How do we know that there is more? We have only to look at the words of this Sunday’s gospel. The vine grower (the Father) takes away the branches that do not bear fruit and prunes the branches that do. The branches that are taken away and burned are those that have no intention of remaining in Jesus. The branches that do bear fruit are faithful Christians who God desires to prune. Pruning occurs when branches (both good and bad) are cleared away to make room for more fruitful branches to grow. That means God intentionally invites good, faithful Christians to eliminate things from their life (EVEN GOOD THINGS), to make way for other, more fruitful branches to grow. This is the challenge of the rich young man. He follows all the commandments, but knows there is more. Jesus tries to bring him deeper into the spiritual life by pruning away the material goods in his life in exchange for greater spiritual goods to grow. Yet, he goes away sad. 
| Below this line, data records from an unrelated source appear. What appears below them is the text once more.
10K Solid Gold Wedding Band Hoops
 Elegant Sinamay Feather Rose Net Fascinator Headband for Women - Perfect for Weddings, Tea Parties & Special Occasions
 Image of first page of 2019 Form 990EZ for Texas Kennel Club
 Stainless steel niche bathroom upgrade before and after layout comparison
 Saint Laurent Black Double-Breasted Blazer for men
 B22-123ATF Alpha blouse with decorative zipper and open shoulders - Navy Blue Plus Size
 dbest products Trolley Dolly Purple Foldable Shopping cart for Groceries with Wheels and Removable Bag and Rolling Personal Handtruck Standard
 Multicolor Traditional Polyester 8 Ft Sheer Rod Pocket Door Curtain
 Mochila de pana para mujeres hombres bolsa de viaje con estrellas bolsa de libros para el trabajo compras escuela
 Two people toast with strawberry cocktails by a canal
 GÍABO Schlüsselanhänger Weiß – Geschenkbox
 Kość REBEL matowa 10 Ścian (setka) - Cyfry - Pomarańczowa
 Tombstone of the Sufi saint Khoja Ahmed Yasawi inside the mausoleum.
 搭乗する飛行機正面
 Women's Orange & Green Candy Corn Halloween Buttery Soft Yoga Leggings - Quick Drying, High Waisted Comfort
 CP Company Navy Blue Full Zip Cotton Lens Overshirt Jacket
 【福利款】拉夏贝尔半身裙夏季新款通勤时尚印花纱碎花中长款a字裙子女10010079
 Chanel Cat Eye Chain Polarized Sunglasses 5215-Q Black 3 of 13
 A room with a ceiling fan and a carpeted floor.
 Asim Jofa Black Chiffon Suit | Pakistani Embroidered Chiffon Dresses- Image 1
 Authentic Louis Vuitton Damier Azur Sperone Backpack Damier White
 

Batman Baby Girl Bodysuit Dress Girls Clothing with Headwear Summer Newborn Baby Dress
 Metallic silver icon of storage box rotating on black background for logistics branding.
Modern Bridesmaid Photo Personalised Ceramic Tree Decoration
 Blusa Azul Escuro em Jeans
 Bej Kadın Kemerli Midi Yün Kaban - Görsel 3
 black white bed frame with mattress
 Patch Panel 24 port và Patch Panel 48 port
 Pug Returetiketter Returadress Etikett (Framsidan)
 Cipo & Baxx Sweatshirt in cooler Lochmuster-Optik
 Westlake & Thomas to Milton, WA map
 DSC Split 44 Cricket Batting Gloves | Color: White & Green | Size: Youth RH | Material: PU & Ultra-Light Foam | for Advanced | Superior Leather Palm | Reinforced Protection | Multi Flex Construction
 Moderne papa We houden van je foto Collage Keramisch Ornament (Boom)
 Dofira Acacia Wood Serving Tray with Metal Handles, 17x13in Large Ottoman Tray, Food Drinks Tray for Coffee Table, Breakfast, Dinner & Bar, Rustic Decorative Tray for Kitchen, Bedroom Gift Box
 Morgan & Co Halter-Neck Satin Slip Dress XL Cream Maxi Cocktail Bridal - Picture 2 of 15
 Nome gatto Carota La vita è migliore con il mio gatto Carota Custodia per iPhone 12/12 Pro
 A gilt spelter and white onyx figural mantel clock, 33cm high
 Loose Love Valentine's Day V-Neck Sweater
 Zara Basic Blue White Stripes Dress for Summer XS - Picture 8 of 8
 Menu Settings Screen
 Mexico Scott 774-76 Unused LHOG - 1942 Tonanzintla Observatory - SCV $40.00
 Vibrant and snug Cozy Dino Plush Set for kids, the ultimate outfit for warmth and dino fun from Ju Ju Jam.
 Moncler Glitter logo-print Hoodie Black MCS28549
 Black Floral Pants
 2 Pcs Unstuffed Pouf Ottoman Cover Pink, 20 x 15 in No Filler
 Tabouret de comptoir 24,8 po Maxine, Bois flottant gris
This is the state of our Church today. We are satisfied with a moralism of following the commandments (which is essential to the life of a Christian and bears fruit). However, we are too scared or ignorant of how to take the next step in our relationship with God. For more fruit to grow, we have to allow God to prune away even good things. This is what it means to imitate Jesus. This is what it means to bear good fruit. This is what it means to follow God’s will. God is waiting to replace the good temporal things in our life with great eternal things. It is up to us to listen to the will of God, and allow the pruning of the Father to take us deeper.